The response should contain every record, reproduced exactly.

* * * * * * * * *

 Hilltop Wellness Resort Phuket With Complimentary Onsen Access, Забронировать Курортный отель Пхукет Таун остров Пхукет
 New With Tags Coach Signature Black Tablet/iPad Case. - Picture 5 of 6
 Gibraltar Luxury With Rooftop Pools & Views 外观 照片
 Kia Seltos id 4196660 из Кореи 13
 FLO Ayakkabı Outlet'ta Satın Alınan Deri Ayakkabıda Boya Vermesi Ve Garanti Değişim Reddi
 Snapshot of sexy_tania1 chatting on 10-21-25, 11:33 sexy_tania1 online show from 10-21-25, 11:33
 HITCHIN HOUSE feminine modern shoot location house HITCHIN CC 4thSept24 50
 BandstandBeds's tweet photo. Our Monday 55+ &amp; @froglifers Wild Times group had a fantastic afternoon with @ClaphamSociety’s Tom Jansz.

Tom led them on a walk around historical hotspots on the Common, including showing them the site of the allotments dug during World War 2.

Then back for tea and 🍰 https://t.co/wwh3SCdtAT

* * * * * * * * *

Solution for this problem:
 Hilltop Wellness Resort Phuket With Complimentary Onsen Access, Забронировать Курортный отель Пхукет Таун остров Пхукет
 New With Tags Coach Signature Black Tablet/iPad Case. - Picture 5 of 6
 Gibraltar Luxury With Rooftop Pools & Views 外观 照片
 Kia Seltos id 4196660 из Кореи 13
 FLO Ayakkabı Outlet'ta Satın Alınan Deri Ayakkabıda Boya Vermesi Ve Garanti Değişim Reddi
 Snapshot of sexy_tania1 chatting on 10-21-25, 11:33 sexy_tania1 online show from 10-21-25, 11:33
 HITCHIN HOUSE feminine modern shoot location house HITCHIN CC 4thSept24 50
 BandstandBeds's tweet photo. Our Monday 55+ &amp; @froglifers Wild Times group had a fantastic afternoon with @ClaphamSociety’s Tom Jansz.

Tom led them on a walk around historical hotspots on the Common, including showing them the site of the allotments dug during World War 2.

Then back for tea and 🍰 https://t.co/wwh3SCdtAT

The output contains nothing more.